---------- RAW DATA

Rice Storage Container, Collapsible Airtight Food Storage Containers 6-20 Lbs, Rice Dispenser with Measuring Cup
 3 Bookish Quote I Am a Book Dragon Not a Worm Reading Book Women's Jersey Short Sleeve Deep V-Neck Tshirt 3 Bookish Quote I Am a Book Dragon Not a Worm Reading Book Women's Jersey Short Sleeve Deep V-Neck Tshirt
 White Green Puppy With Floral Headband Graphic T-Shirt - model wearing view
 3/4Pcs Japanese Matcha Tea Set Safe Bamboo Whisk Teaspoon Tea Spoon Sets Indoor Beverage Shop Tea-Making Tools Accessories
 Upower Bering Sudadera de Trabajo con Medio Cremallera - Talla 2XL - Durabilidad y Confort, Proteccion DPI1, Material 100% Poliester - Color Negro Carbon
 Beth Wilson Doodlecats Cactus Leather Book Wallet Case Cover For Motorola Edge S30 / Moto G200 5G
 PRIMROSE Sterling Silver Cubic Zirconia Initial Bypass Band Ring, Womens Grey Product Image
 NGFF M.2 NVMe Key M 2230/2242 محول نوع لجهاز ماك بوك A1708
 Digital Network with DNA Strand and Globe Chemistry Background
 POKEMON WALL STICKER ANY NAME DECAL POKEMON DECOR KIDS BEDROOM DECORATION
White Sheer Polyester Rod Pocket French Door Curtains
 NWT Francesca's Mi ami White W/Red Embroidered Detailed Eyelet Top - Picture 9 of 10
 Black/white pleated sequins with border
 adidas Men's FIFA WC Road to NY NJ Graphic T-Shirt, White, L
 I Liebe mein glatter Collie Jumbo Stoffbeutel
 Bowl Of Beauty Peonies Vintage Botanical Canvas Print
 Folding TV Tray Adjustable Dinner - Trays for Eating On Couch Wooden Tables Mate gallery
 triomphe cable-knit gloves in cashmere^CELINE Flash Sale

--------------------

- [ASSIGNMENT]:
What is needed here is an exact copy of all the entries.

- [ANSWER SECTION]:
Rice Storage Container, Collapsible Airtight Food Storage Containers 6-20 Lbs, Rice Dispenser with Measuring Cup
 3 Bookish Quote I Am a Book Dragon Not a Worm Reading Book Women's Jersey Short Sleeve Deep V-Neck Tshirt 3 Bookish Quote I Am a Book Dragon Not a Worm Reading Book Women's Jersey Short Sleeve Deep V-Neck Tshirt
 White Green Puppy With Floral Headband Graphic T-Shirt - model wearing view
 3/4Pcs Japanese Matcha Tea Set Safe Bamboo Whisk Teaspoon Tea Spoon Sets Indoor Beverage Shop Tea-Making Tools Accessories
 Upower Bering Sudadera de Trabajo con Medio Cremallera - Talla 2XL - Durabilidad y Confort, Proteccion DPI1, Material 100% Poliester - Color Negro Carbon
 Beth Wilson Doodlecats Cactus Leather Book Wallet Case Cover For Motorola Edge S30 / Moto G200 5G
 PRIMROSE Sterling Silver Cubic Zirconia Initial Bypass Band Ring, Womens Grey Product Image
 NGFF M.2 NVMe Key M 2230/2242 محول نوع لجهاز ماك بوك A1708
 Digital Network with DNA Strand and Globe Chemistry Background
 POKEMON WALL STICKER ANY NAME DECAL POKEMON DECOR KIDS BEDROOM DECORATION
White Sheer Polyester Rod Pocket French Door Curtains
 NWT Francesca's Mi ami White W/Red Embroidered Detailed Eyelet Top - Picture 9 of 10
 Black/white pleated sequins with border
 adidas Men's FIFA WC Road to NY NJ Graphic T-Shirt, White, L
 I Liebe mein glatter Collie Jumbo Stoffbeutel
 Bowl Of Beauty Peonies Vintage Botanical Canvas Print
 Folding TV Tray Adjustable Dinner - Trays for Eating On Couch Wooden Tables Mate gallery
 triomphe cable-knit gloves in cashmere^CELINE Flash Sale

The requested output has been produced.